● TASK:
Pick out the lines below that contain the string "chicken" and copy them all.

Items from a data source
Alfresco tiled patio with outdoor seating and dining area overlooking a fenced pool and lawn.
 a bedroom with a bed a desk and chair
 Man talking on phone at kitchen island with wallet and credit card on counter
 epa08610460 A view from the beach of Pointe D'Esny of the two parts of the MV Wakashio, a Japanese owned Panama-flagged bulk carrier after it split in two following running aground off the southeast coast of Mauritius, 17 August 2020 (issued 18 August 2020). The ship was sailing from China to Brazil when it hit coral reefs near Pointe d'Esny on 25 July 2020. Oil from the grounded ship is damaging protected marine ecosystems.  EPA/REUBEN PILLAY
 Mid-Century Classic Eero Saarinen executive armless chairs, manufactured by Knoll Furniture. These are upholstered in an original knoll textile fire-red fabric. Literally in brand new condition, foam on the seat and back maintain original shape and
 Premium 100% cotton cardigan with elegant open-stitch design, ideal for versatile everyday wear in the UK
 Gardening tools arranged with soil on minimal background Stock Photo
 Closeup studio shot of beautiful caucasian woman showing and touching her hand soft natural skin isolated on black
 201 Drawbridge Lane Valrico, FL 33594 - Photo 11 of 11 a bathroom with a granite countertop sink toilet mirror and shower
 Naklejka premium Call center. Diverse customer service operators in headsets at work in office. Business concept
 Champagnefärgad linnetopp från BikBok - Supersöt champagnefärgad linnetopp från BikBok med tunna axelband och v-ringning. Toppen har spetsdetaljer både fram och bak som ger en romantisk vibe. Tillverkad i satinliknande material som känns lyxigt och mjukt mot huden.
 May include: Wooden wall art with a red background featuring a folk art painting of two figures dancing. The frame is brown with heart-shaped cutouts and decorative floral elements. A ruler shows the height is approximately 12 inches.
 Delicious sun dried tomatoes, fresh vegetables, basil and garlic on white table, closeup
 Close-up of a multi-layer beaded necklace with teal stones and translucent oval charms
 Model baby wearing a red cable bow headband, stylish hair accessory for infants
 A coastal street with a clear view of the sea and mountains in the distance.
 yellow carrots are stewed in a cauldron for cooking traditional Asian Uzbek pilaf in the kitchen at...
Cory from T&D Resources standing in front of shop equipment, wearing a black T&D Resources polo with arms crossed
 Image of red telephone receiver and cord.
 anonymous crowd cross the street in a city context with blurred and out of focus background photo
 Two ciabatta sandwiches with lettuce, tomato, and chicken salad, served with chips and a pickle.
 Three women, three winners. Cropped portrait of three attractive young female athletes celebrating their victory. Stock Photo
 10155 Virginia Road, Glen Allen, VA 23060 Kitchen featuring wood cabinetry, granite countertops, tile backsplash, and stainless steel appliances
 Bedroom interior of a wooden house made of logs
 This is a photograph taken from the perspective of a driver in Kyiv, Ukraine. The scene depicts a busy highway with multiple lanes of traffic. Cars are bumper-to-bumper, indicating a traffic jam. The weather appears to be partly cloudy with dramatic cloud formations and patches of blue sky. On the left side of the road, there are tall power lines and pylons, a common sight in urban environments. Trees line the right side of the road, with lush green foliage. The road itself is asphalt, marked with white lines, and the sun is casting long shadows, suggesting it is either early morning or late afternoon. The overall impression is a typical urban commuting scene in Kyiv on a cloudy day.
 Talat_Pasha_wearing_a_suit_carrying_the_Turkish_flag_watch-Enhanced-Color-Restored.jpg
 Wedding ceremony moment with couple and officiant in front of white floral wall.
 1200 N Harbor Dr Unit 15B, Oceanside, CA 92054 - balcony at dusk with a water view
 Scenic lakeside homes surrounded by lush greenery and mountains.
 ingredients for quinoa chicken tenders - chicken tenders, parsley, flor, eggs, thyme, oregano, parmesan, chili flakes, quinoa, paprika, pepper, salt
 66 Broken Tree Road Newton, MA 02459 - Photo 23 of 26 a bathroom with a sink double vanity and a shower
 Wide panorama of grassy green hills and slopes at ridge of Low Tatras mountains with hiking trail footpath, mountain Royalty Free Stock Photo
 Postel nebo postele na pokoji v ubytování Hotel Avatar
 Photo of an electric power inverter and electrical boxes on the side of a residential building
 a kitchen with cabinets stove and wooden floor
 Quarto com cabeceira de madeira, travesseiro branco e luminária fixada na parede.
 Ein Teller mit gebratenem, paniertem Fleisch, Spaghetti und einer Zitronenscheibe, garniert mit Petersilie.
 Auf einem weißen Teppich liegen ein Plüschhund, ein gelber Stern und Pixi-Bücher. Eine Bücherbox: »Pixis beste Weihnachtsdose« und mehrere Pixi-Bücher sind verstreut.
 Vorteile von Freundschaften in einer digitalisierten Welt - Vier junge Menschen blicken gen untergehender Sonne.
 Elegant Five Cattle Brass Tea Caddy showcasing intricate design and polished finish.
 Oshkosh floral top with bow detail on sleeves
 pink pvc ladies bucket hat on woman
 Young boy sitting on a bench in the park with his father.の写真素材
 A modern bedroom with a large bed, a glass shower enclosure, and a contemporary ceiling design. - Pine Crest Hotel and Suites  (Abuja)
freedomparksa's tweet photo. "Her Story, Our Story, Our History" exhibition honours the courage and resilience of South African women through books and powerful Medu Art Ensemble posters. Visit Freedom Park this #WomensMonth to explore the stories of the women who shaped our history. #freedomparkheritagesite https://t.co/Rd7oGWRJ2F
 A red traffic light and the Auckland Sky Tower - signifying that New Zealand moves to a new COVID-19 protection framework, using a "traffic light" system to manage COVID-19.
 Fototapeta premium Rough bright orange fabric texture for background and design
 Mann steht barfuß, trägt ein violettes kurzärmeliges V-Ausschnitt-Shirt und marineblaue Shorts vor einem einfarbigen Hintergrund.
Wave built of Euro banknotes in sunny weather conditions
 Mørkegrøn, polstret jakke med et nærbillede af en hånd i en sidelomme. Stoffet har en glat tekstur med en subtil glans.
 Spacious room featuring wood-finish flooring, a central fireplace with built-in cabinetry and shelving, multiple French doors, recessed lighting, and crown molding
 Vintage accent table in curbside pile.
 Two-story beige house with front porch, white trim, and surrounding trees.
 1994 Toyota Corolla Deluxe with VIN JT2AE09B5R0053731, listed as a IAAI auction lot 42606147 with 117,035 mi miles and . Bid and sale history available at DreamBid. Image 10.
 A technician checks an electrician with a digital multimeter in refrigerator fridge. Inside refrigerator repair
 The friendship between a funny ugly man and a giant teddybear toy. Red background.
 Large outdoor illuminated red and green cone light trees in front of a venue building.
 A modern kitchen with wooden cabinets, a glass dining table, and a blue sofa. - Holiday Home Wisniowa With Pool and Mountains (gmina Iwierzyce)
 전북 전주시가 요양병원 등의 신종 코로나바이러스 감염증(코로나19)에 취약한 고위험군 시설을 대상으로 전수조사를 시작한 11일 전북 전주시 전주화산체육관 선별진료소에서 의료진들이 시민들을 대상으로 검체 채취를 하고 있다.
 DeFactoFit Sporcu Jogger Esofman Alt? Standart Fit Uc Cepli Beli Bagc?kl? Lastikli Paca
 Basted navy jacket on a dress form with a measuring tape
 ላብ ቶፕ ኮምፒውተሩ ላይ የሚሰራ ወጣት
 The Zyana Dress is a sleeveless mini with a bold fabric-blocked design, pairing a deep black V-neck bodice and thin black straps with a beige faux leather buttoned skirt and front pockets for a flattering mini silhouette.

● TASK ANSWER:
 Two ciabatta sandwiches with lettuce, tomato, and chicken salad, served with chips and a pickle.
 ingredients for quinoa chicken tenders - chicken tenders, parsley, flor, eggs, thyme, oregano, parmesan, chili flakes, quinoa, paprika, pepper, salt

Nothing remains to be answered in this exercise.